Does Obama have these qualities? Armies of political experts are ransacking his professional experience to find out. In the meantime, we can seek answers in another realm: personal finance. What do Obama’s financial choices say about his rationality, competence, and ability to make decisions in an arena in which he doesn’t have a lot of experience? And what does Obama’s psycho-financial profile suggest about his potential to be a great president? (This is the latest in a series of psycho-financial profiles of American leaders: Check out our analyses of Chief Justice John Roberts, Fed Chairman Ben Bernanke, and others.)
Let’s start with the big picture: net worth. According to Obama’s most recent public financial statements, he and his wife, Michelle, were worth between $500,000 and $2 million at the end of 2005 (excluding whatever equity they have in their $1.65 million Chicago house). The bulk of this wealth came from $1.2 million in royalties Obama received that year for The Audacity of Hope and a previously published book (part of a $1.9 million, three-book deal). The $1.2 million figure is presumably pretax, which means that, after paying the IRS, Obama probably kept about $600,000.

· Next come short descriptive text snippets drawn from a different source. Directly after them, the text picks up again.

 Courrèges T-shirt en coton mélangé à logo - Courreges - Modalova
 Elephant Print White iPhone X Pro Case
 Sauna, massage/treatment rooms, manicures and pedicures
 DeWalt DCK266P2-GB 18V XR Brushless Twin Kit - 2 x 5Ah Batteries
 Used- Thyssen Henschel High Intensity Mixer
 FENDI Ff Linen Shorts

This modest (for a senator) net worth suggests that Obama is in a good position to appreciate the situation of many Americans. He has worked hard enough and saved enough to have a healthy nest egg, but unlike, say, fellow Democratic candidate John Edwards, he doesn’t have enough to retire on. Because Obama earned his money himself, moreover—and recently—he can no doubt relate to both ends of the economic spectrum. Put differently, Obama’s not some silver-spoon fat cat who has lost touch with regular working stiffs, and he’s also not likely an angry populist obsessed with “the people versus the powerful.”
Now let’s consider some of his financial decision-making. First, there are those parking tickets. When Obama was attending Harvard Law School, he apparently racked up 19 parking tickets in Somerville and Cambridge, Mass.—and paid only two of them (both late). Then, 15 years later, two weeks before he announced his candidacy and just as the Boston Globe began sniffing around, Obama suddenly paid the remaining $375 in fines.

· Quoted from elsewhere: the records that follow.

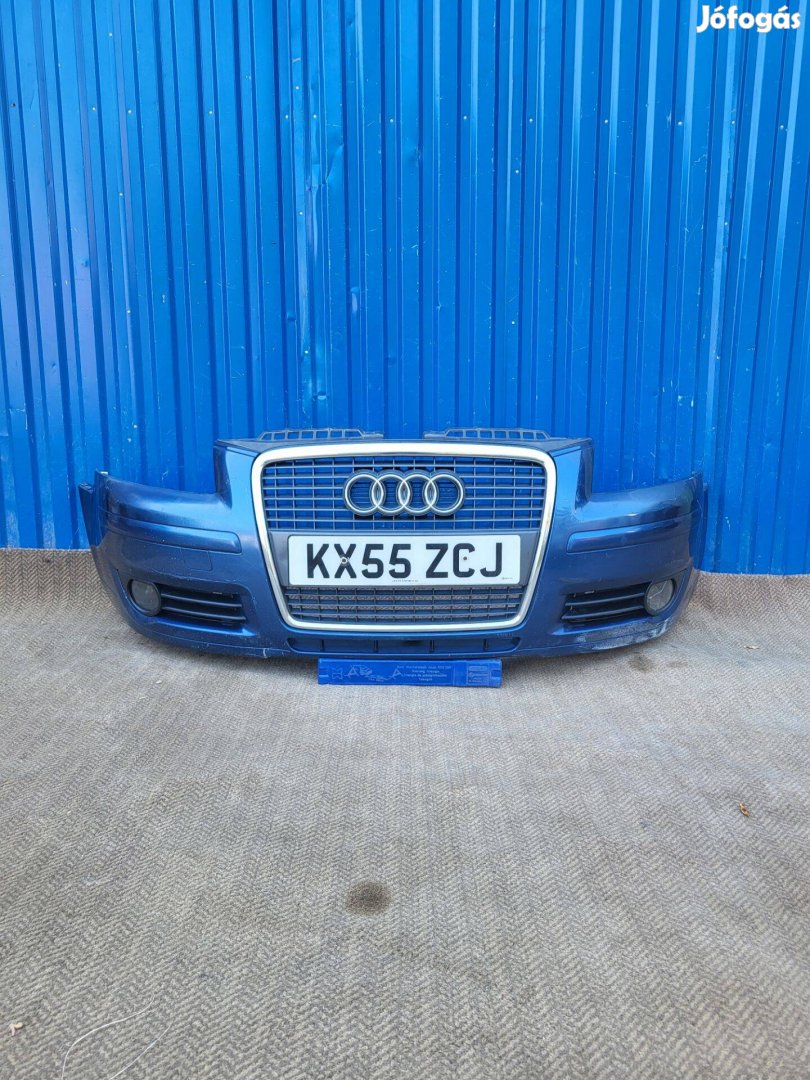 Audi A3 8P gyári 8P4807437 első lökhárító, homlokfal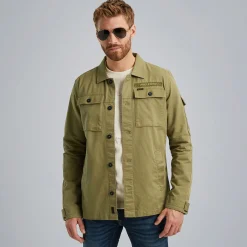 PME Legend Shirt Jacket Met Flight Pocket Groen Best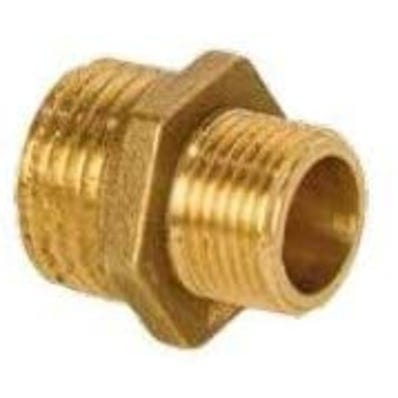 Bricomart MACHÓN REDUCIDO LATÓN 3/4"-1/2" ROSCAR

What can we glean from this psycho-financial nugget? First, like many people, Obama apparently parks his car wherever he pleases, finds parking tickets trivial and annoying, and knows uncollectable debts when he sees them. Supporters will cite this as further proof that Obama is just a regular guy. Detractors will say that Obama is an arrogant scofflaw who stole $375 from the people of Massachusetts, hid for 15 years as a fugitive in Illinois, and then came clean only when he realized that he was about to be brought to justice. A financial analyst, meanwhile, might conclude that Obama was merely employing a tactic familiar to anyone who has ever run an undercapitalized business: stretching out his payables. If the United States ever gets into a financial bind, President Obama would presumably be able to figure out which creditors we have to pay and which we can stiff.
Obama’s brief experience as a house buyer and stock-market speculator is the most revealing aspect of his financial biography. According to Slate’s John Dickerson and the New York Times, when Obama hit the book-advance jackpot, he decided to do two things: 1) buy a house and 2) seek some investment advice. The first impulse led to an eyebrow-raising real-estate deal that revealed a naive obliviousness to the appearance of impropriety (Dickerson discusses it in detail here). The second led to similar embarrassment—and modest financial losses.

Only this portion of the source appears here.